I think that is the opposite of what Petrucci intended when he made it.

I personally found it inspiring and it made me practice like crazy. Actually, I had my guitar for a while and it had started to gather dust and it wasn't until I saw Dream Theater live that I got serious about guitar and I have put in daily practice since that day.

JP's Rock Discipline is one of the very-best instructional DVDs ever made because it's not a video just for him to show off *cough*Yngwie*cough* but he actually teaches you practical things.

The footage from G3 on that is a downer though. Damn I want a video of Jaws of Life live


----------



## Shawn (Dec 24, 2005)

I felt the same way when I first got that DVD. Now, I love it. Just take your time, Wayne. I also felt the same way about Eric Johnson's Instructional vid. Both videos for me have been the best. Im still pluggin' away at both of them.
At least with JP's, I have the booklet to go with it. I don't have the booklet to go with EJ's vid.


----------



## Metal Ken (Dec 24, 2005)

WayneCustom7 said:


> Ah, man even his little warm up tunes ROCK. There should be a warning label on the front. Warning, Self Esteem may IMPLODE!

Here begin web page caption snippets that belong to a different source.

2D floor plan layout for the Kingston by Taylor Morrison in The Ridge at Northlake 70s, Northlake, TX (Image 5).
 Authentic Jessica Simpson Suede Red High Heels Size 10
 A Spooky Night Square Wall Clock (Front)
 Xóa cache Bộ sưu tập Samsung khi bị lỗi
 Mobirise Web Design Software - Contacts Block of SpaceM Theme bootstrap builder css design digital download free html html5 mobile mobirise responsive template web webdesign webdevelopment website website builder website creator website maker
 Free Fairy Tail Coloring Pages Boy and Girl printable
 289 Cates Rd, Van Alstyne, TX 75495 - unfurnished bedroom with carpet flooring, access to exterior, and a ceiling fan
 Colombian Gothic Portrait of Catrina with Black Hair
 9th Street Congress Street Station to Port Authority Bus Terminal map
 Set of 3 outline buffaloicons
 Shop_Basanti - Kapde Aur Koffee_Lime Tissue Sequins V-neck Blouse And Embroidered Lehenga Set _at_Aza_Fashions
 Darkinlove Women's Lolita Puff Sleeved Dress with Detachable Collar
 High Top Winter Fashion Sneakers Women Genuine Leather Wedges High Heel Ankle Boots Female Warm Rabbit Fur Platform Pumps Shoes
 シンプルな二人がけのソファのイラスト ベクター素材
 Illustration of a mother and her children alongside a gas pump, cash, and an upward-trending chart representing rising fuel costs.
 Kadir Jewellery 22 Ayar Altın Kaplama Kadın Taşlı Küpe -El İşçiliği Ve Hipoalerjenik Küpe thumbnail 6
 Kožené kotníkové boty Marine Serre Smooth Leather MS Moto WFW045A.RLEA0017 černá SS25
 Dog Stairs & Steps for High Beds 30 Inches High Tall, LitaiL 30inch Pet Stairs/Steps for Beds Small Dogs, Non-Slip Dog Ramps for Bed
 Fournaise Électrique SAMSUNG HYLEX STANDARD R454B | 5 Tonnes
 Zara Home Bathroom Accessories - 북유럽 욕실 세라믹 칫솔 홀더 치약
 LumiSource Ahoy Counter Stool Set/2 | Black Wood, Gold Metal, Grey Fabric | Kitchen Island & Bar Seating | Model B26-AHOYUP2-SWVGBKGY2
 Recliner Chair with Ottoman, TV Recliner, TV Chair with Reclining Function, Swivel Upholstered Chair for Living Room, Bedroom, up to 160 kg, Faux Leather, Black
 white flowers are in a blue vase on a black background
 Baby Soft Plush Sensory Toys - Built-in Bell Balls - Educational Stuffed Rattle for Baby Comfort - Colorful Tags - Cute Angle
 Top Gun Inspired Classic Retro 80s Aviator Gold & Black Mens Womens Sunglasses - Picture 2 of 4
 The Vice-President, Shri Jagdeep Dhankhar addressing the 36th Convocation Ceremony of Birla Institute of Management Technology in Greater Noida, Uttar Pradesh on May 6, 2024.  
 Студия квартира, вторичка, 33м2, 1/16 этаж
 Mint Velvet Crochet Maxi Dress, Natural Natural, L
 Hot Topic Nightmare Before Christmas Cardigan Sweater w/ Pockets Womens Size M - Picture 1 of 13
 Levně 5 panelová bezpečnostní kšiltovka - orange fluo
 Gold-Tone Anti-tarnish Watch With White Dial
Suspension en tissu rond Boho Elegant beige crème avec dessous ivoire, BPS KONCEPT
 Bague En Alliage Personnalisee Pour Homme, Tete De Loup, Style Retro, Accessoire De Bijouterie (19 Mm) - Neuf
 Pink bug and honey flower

Just keep in mind the thing about the metronome. How he says to practice slow and speed up? just do that.


----------



## FoxMustang (Dec 24, 2005)

WayneCustom7 said:


> Warning, Self Esteem may IMPLODE!


That's pretty much always my first impression when I try to learn any Petrucci song. Happens every time, I just have to work through it. The first time I nail it, I'll end up practicing harder to be able to do it again repeatedly


----------



## SevenatoR (Dec 24, 2005)

I kinda had the "I quit" reaction the first time I went through it. BUT...unlike most instructional vids, once I managed to fumble through the exercises and examples, I saw IMMEDIATE results in my own technique. I think those maddening left hand exercises are the work of the devil. But I'll be damned if they don't produce results.


----------



## WayneCustom7 (Dec 24, 2005)

Hahahaha! Thanks guys...I guess, I don't know how to say this without coming off as appearing silly, but at my age and with my commitments it just seems like way too much. I was just kidding about the quitting part, but whether or not I commit to this, well that's something that I really need to think about. Perhaps I'll start with the small stuff, then work in some of the other stuff.


----------



## zak (Dec 24, 2005)

have any of you checked out any of Rusty's Chops From Hell instructionals? You see results before you can finish playing the example at 1/32 of the speed that Rusty shows.


----------



## Shannon (Dec 24, 2005)

Yep, I've had the Petrucci for years now (just upgraded to the DVD version recently). Upon the first viewing I thought, _"You gotta be kidding me?"_  

But then I sat down with guitar in hand & started tackling one section of the video at a time. I noticed immediate results. John puts his lessons in such a way that ANYONE can understand what he's trying to convey. Making very complex sounding long runs is as simple as connecting a couple of small phrases. He shows how to add "color" to a chord, where most would play a standard barre chord. All the nutty shit he plays begins to make sense to a novice. At the beginning of the video, he shows all kinds of stretching techniques to do before playing. To this day, I still do these stretches before every show & it definately works! 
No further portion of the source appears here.